**Goal of the exercise:** An exact repetition of every entry, with no images, is the required answer.

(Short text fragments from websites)
== == ==

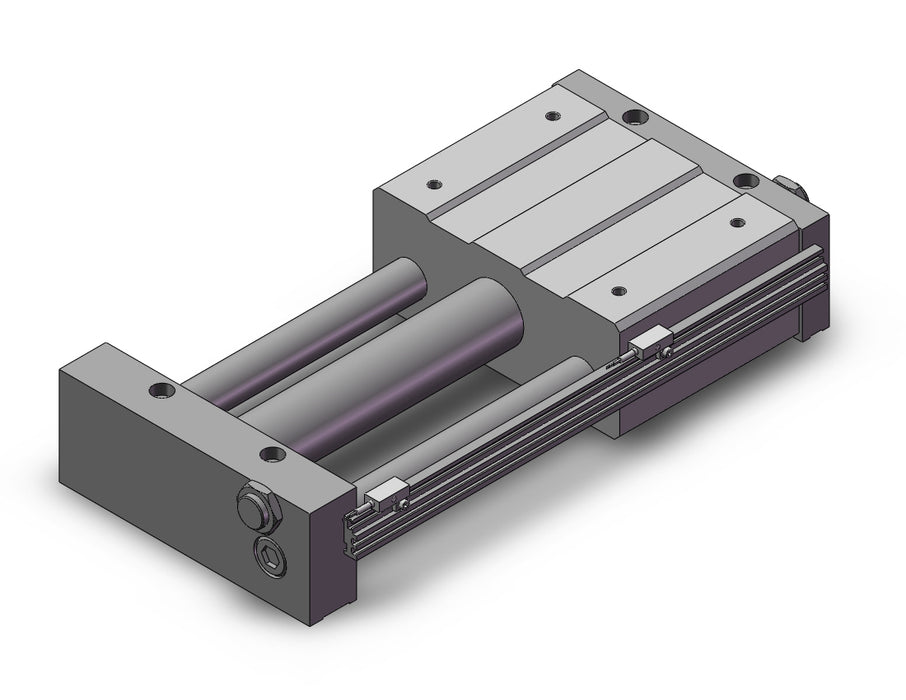 REAL40TN-200-F79Z REA, Sine Rodless Cylinder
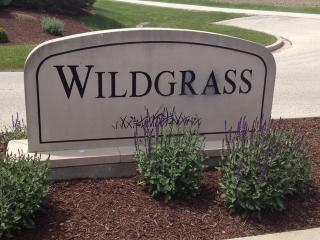 26458 Wildgrass Turn, Monee, IL 60449-8662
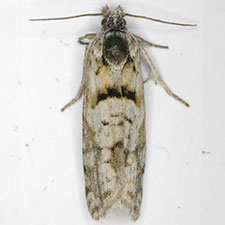 Eucosma southamptonensis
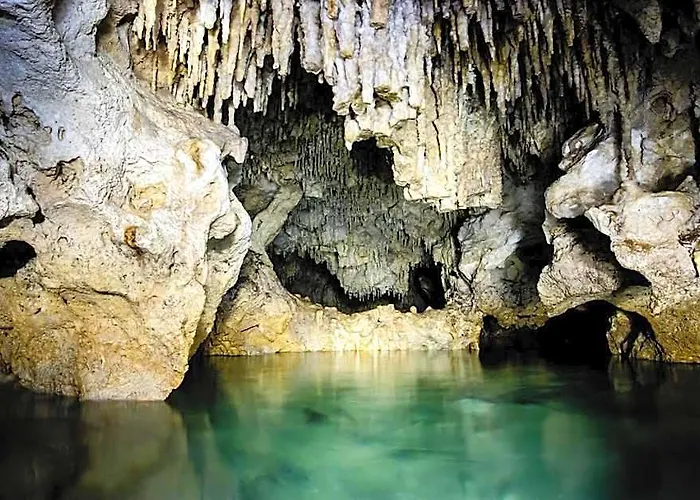 Casa Tortuga - Cenotes Park Inclusive Hotel Tulum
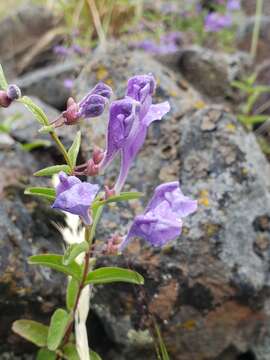 Image of narrowleaf skullcap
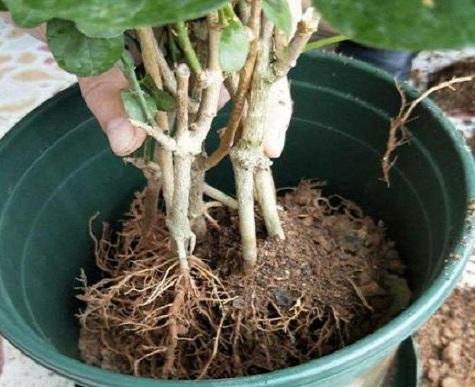 茉莉花怎么才能养成老桩,茉莉花老桩能生根吗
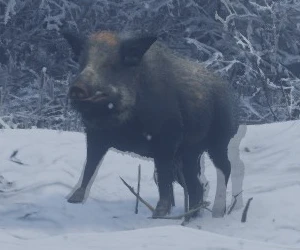 boar.png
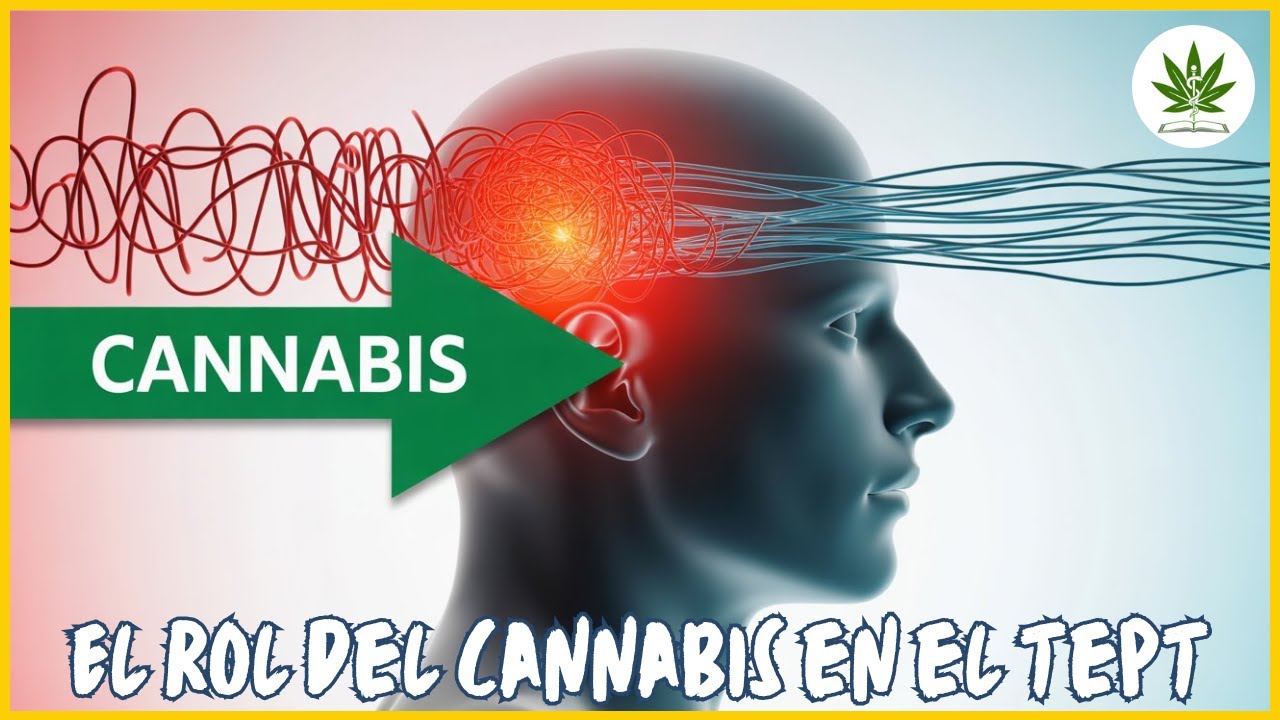 Descubre cómo el cannabis puede ayudar con el estrés postraumático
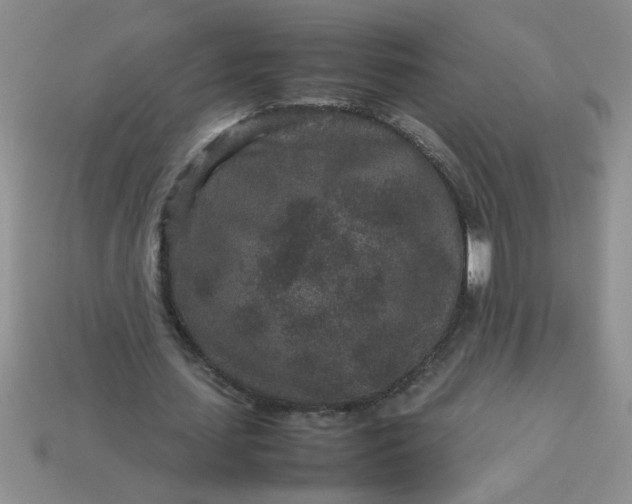 X0000113010627200909101818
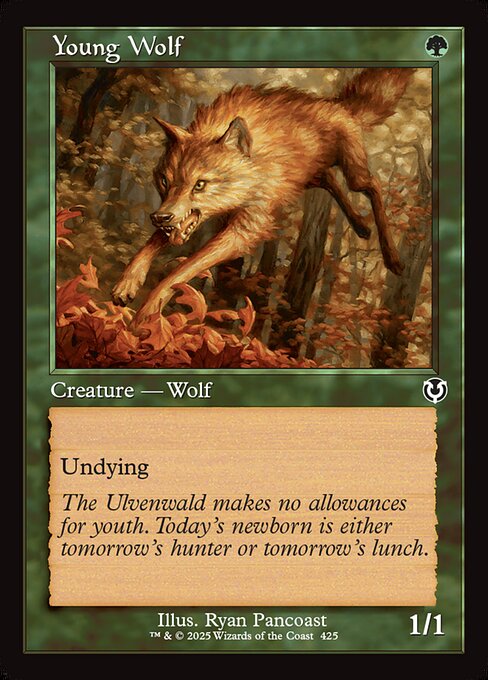 Young Wolf [Retro Frame]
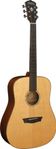Washburn WD150SW westerngitarr helsolid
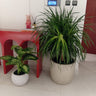 Yucca and Morning Dew Office Plant Bundle, UAE. Two potted plants in a room with a red table and white walls.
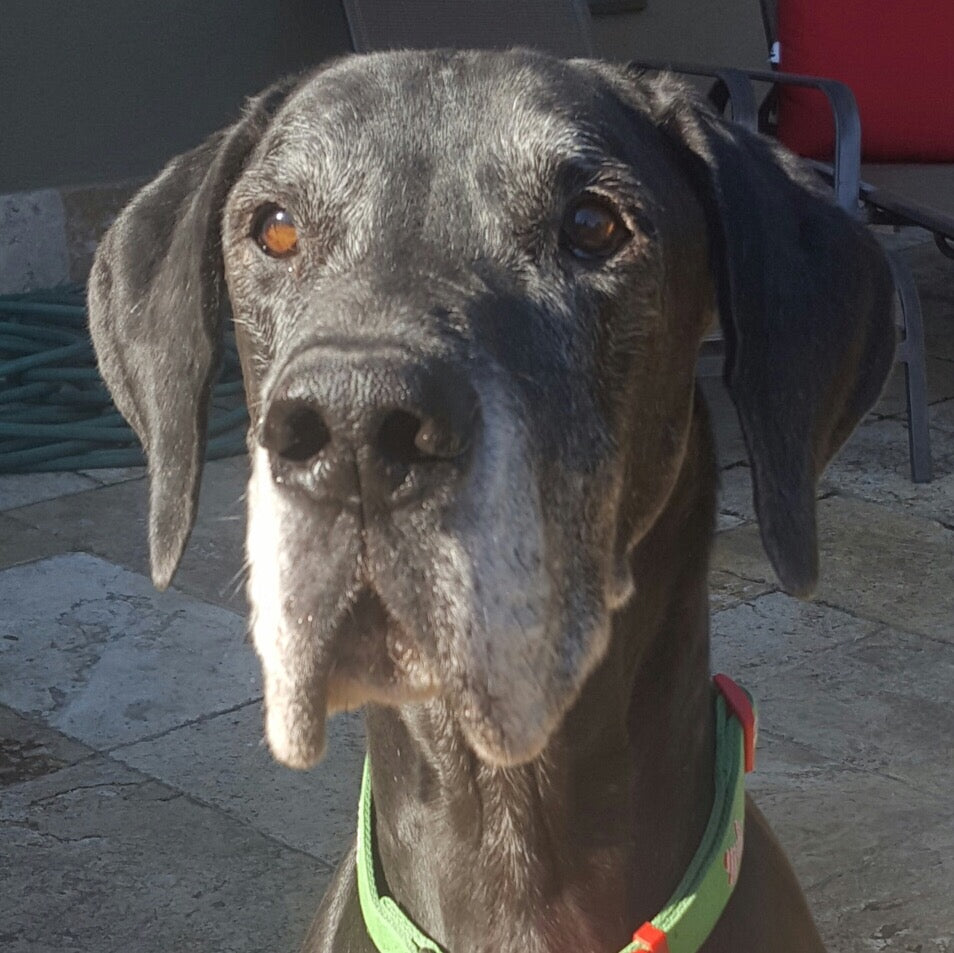Guinness -  Great Dane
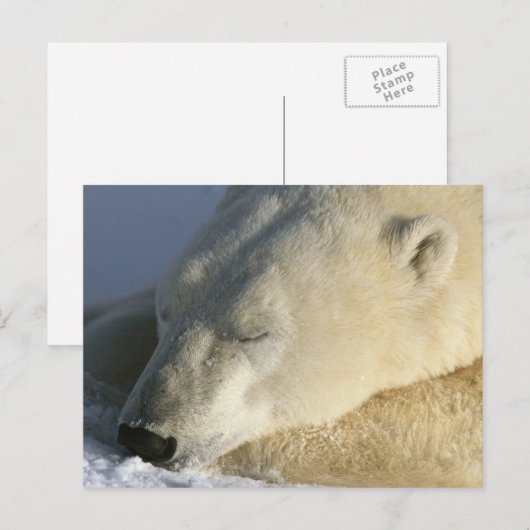 Polar Bear Postkarte (Vorne/Hinten)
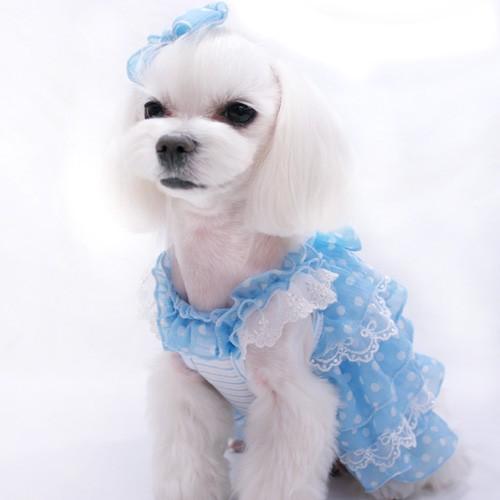シフォンドットフリルワンピース XS〜L 犬 服 : Pet Healing(ペット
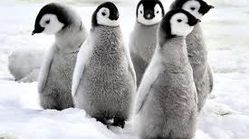 ببینید|تاکتیک دفاعی خیره‌کننده بچه‌ پنگوئن‌ها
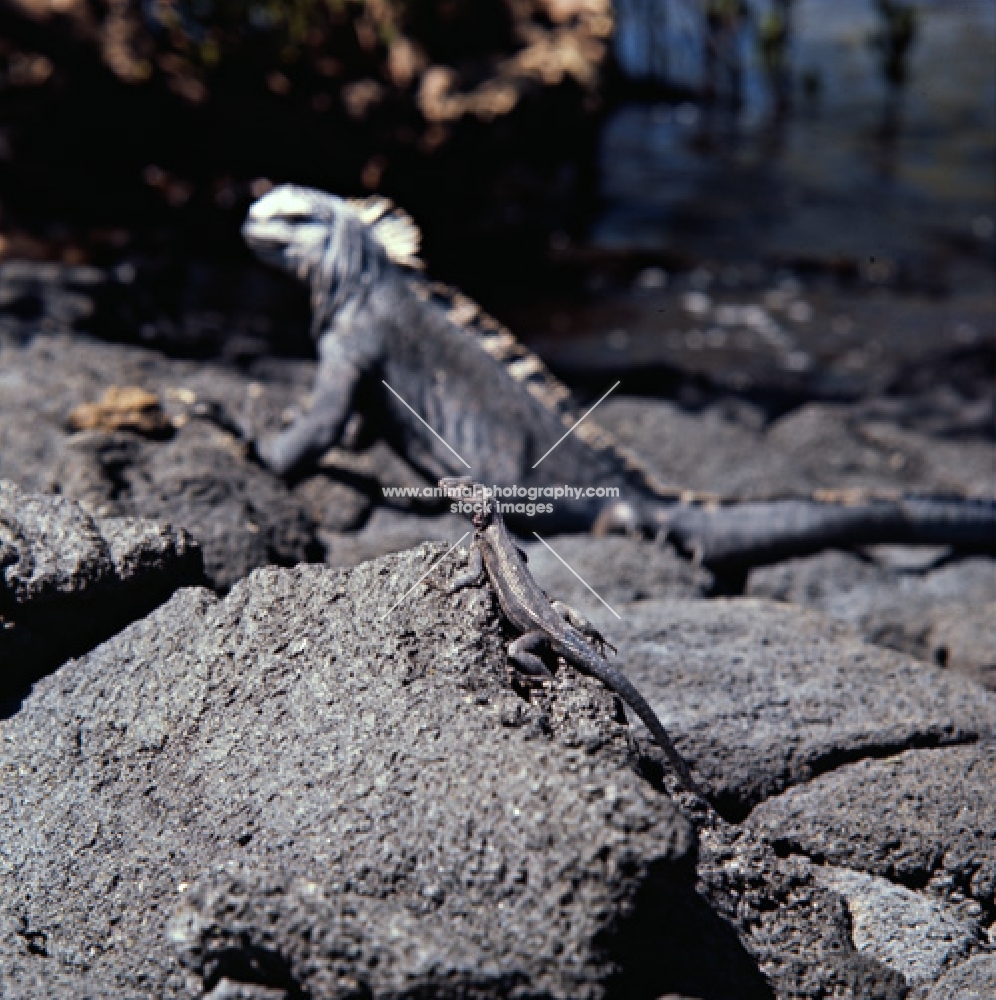 marine iguana and lava lizard on fernandina island, galapagos islands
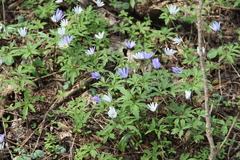 Anemonoides caucasica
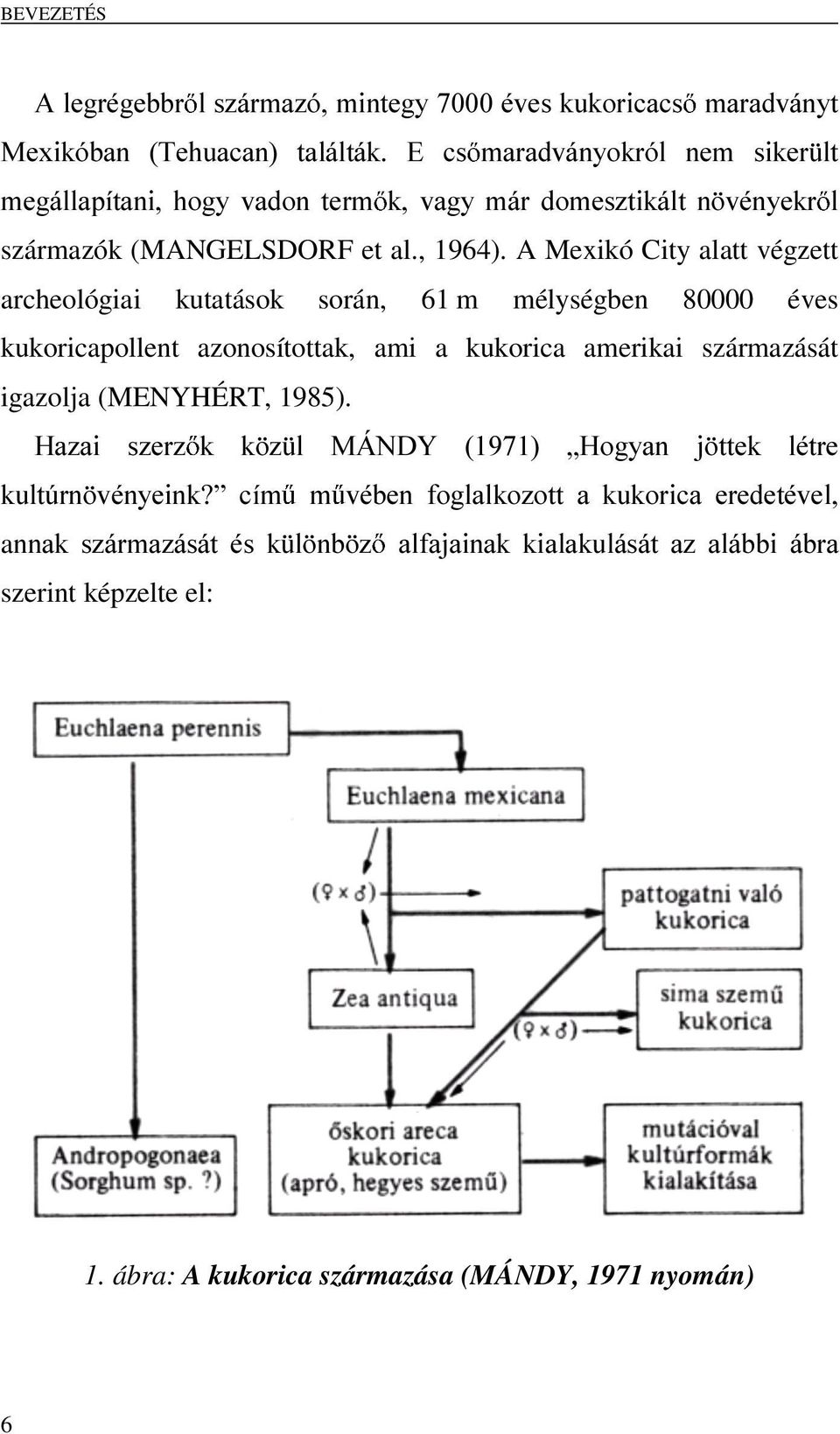 A Mexikó City alatt végzett archeológiai kutatások során, 61 m mélységben 80000 éves kukoricapollent azonosítottak, ami a kukorica amerikai származását igazolja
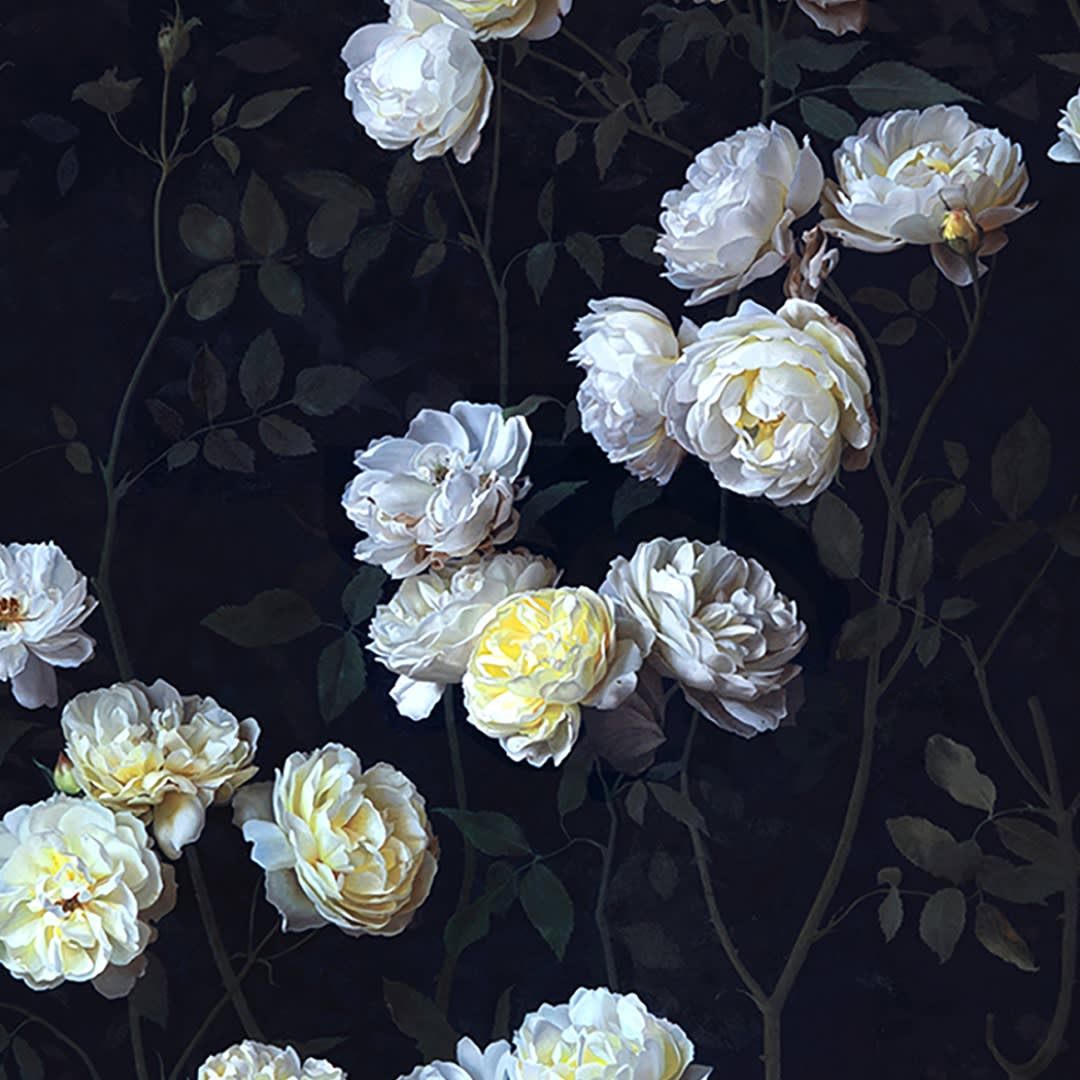 Jane Beharrell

== == ==

**Result below:**
 REAL40TN-200-F79Z REA, Sine Rodless Cylinder
 26458 Wildgrass Turn, Monee, IL 60449-8662
 Eucosma southamptonensis
 Casa Tortuga - Cenotes Park Inclusive Hotel Tulum
 Image of narrowleaf skullcap
 茉莉花怎么才能养成老桩,茉莉花老桩能生根吗
 boar.png
 Descubre cómo el cannabis puede ayudar con el estrés postraumático
 X0000113010627200909101818
 Young Wolf [Retro Frame]
Washburn WD150SW westerngitarr helsolid
 Yucca and Morning Dew Office Plant Bundle, UAE. Two potted plants in a room with a red table and white walls.
Guinness -  Great Dane
 Polar Bear Postkarte (Vorne/Hinten)
シフォンドットフリルワンピース XS〜L 犬 服 : Pet Healing(ペット
 ببینید|تاکتیک دفاعی خیره‌کننده بچه‌ پنگوئن‌ها
 marine iguana and lava lizard on fernandina island, galapagos islands
 Anemonoides caucasica
 A Mexikó City alatt végzett archeológiai kutatások során, 61 m mélységben 80000 éves kukoricapollent azonosítottak, ami a kukorica amerikai származását igazolja
 Jane Beharrell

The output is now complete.